Ka is even more challenging. In it, Calasso makes tangible the less familiar world of Hinduism, placing its hymns and narratives of sacrifice - the Rig-Veda and the Brahmanas - at its imaginative heart. He makes his intentions clear with two epigraphs: one from Spinoza, who remarks that ideas function as narratives of the real world; and the second from the Yogavasistha: "The world is like the impression left by the telling of a story." And before we know it, we are plunged straight into the story with the enticing first line: "Suddenly an eagle darkened the sky." This eagle taking flight spans the novel with one question: "Who is the god to whom we should offer our sacrifice?" Calasso, who is brilliantly and meticulously translated by novelist Tim Parks, then turns his story, which, once again, combines philosophical commentary with illuminating linguistic analysis, into a startling evocation of the historical atmosphere and emotional outlook that shaped these upper- caste Indians' thought.

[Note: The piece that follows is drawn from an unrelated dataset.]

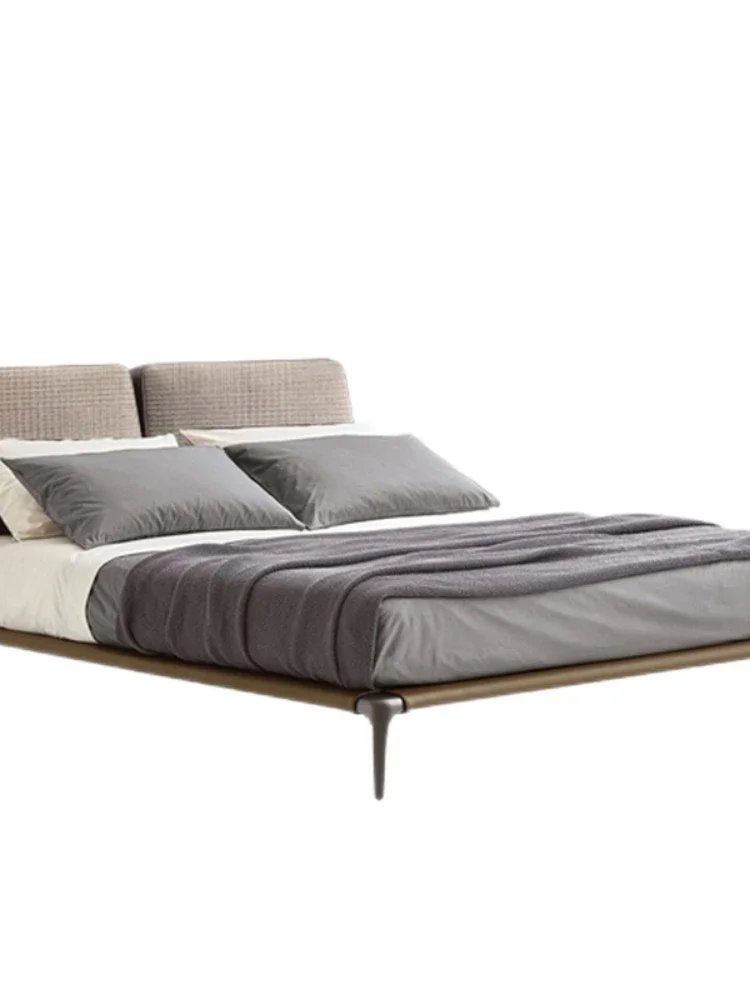 Fabric Leather Double Bed Minimalist Small Apartment Villa Genuine Leather
Fabric Leather Double Bed Minimalist Small Apartment Villa Genuine Leather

The emergence of consciousness is their concern, and Calasso gives it narrative shape by rehearsing their myth of the creation of the world by Prajapati, the progenitor, whose secret name is Ka (which translates as "who", or "the space between"). Calasso is keen on the idea of an "Indo-European" tradition of thought, and he brings in Proust ("a Vedantic master though unaware of being such"), Wittgenstein, Locke and Hegel as close relations of the Indian seers.

Ka is a dizzying, erudite incursion into sacred texts, which throbs with erotic, violent and enigmatic tales. Despite its scholarly austerity, to read it is, ultimately, a rewarding experience, although - as Parks himself once admitted - it needs to be read at least four times before the reader can come to terms with it.